Photo Credit: Tuan Lee
The Bottle Rockets’ 1993 eponymous debut album and its follow up The Brooklyn Side served notice that the Festus, Mo., shit-kicking storytellers had set their sights on a career. Since then they have played Milwaukee many times. Friday’s show at Shank Hall found them celebrating the deluxe reissue of both those albums.
Frontman Brian Henneman’s songs blend John Prine’s lyrical observation while the band has no problem honoring Lynyrd Skynyrd’s sonic punch. At this show, Henneman added a ton of Rickenbacker jangle to the mix. Over the years these guys have matured—well, that may not be the right word—into a great stage act that connects with listeners. “Gravity Fails” remains as gut wrenching as ever but it was a re-arrangement of “Welfare Music” that stood out. Dynamically rising and falling, Henneman and John Horton’s guitar weaving sounded pleasingly Allman-esque at times.
It is not often the opening act also backs the headliners, but after a short break The Bottle Rockets returned as Marshall Crenshaw’s band. Crenshaw began his career playing John Lennon in Beatlemania and also portrayed Buddy Holly onscreen, but he made his name with an album chock-full of pure pop gems on his 1982 debut. Since then his albums have veered wonderfully to include roots-inspired music from R&B to jazzy instrumentals—no surprise considering his musical and pop cultural scholarship.

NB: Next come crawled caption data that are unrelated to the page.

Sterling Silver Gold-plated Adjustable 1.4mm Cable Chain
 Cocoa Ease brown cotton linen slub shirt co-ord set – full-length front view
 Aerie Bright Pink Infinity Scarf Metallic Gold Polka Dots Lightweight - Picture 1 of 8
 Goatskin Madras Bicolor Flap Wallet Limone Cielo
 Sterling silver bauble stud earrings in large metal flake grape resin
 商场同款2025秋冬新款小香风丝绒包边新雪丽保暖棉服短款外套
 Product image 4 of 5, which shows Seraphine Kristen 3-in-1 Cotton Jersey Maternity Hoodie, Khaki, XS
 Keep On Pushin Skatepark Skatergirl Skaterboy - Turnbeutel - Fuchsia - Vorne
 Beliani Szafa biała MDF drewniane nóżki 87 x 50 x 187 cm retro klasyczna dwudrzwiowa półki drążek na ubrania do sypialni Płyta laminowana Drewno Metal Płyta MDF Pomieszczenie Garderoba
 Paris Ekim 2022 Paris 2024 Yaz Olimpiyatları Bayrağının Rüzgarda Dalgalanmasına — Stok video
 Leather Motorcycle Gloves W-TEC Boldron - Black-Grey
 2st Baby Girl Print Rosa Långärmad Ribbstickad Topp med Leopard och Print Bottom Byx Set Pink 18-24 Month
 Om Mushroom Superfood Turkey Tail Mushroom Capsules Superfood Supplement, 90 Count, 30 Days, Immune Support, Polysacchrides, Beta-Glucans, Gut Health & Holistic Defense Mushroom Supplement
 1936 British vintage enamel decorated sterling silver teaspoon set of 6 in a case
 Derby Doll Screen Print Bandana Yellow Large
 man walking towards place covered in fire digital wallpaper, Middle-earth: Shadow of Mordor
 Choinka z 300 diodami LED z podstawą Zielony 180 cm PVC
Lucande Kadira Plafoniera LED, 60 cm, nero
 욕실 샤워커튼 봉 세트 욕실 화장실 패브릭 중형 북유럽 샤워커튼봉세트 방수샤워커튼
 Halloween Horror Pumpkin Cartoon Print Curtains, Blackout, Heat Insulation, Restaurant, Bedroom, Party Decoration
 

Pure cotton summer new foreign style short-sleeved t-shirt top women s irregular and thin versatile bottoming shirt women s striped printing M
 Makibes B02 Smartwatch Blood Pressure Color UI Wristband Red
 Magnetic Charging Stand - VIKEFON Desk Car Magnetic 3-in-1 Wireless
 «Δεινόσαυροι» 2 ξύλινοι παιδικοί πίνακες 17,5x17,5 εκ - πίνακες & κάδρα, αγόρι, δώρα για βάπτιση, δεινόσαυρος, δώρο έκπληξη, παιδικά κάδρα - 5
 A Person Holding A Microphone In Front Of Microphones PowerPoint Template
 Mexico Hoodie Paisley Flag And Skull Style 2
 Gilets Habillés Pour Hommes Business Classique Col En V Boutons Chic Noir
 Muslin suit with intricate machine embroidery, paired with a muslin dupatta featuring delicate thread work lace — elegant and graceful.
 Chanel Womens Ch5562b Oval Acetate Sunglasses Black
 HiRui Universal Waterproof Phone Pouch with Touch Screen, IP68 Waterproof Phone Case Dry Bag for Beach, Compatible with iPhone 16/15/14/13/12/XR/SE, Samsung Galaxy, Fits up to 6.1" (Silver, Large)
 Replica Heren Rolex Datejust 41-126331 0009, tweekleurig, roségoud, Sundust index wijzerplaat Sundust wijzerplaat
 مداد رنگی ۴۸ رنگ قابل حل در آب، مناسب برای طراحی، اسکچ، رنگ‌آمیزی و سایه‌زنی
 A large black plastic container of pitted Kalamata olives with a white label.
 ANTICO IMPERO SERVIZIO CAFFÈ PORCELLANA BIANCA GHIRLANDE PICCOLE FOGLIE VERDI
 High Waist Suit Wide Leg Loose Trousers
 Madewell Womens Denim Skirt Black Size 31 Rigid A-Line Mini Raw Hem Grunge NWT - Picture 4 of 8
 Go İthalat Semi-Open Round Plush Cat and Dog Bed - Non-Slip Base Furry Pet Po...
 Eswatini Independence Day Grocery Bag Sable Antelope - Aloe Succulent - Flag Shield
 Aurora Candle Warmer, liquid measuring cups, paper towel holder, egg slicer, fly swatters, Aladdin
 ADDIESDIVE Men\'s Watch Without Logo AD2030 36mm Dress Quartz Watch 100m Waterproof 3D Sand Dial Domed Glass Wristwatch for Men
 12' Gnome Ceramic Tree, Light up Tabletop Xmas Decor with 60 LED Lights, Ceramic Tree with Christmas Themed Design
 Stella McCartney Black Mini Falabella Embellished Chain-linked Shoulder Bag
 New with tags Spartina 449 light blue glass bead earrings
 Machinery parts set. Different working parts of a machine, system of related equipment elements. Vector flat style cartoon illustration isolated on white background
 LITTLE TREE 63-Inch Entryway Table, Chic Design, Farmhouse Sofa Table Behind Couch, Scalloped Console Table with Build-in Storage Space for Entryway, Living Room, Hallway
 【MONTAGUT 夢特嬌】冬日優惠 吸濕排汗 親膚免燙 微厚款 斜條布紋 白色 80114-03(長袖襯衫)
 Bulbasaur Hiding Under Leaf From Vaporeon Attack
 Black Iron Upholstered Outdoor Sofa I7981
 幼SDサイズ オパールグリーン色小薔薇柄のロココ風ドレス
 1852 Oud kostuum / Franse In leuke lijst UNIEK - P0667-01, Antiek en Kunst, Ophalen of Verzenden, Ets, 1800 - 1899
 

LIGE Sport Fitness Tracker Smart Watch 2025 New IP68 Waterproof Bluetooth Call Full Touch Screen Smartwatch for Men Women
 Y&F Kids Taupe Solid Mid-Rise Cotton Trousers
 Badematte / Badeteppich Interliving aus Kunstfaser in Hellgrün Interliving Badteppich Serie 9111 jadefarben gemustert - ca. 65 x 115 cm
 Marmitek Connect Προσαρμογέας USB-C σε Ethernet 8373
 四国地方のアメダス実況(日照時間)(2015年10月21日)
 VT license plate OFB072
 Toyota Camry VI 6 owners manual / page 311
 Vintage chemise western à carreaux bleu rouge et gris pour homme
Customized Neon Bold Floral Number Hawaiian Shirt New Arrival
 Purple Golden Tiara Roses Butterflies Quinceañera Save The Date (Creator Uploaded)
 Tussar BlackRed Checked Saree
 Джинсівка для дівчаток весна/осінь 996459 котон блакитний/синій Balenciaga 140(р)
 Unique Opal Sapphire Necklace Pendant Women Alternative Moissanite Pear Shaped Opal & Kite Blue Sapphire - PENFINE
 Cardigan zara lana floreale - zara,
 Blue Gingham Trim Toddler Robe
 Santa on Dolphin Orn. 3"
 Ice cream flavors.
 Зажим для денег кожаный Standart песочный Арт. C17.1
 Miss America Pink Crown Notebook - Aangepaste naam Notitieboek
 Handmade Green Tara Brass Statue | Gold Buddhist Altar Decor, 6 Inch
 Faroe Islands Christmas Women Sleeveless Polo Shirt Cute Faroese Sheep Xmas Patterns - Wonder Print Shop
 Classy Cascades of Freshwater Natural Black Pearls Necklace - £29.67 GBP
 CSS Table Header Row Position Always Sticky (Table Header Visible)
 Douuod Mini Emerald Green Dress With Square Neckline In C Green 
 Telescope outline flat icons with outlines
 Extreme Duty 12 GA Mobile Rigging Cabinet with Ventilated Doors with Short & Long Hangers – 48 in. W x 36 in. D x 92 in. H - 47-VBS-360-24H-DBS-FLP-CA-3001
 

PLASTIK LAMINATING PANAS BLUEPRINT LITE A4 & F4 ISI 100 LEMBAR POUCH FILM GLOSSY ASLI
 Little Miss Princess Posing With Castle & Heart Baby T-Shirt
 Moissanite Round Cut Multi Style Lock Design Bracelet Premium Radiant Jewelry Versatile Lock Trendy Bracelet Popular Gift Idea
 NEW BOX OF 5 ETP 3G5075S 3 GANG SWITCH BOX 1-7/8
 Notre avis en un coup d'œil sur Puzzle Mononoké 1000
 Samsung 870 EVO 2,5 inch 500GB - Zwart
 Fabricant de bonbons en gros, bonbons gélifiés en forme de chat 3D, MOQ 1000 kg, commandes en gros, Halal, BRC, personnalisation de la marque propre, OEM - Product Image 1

The Bottle Rockets proved up to the challenge of backing him, providing full arrangements behind Crenshaw’s slap-back echoed vocals. On this cold night, Crenshaw warmed up the near-capacity audience with glances back to his early catalog, including “Cynical Girl,” “Whenever You’re On My Mind,” “There She Goes Again” and “Mary Anne.” The band offered a luxury of sounds with Henneman picking a 12-string electric guitar and Horton tripling on guitar, six-string bass and lap steel. Crenshaw was left to focus on his vocal performance as well as set his guitar solos aflight with the band’s support.
|
Crenshaw balanced his more sophisticated later tunes with covers of Richard Thompson and birthday boy Elvis Presley before encoring with “Someday, Someway,” the tune that put him on the map more than three decades ago.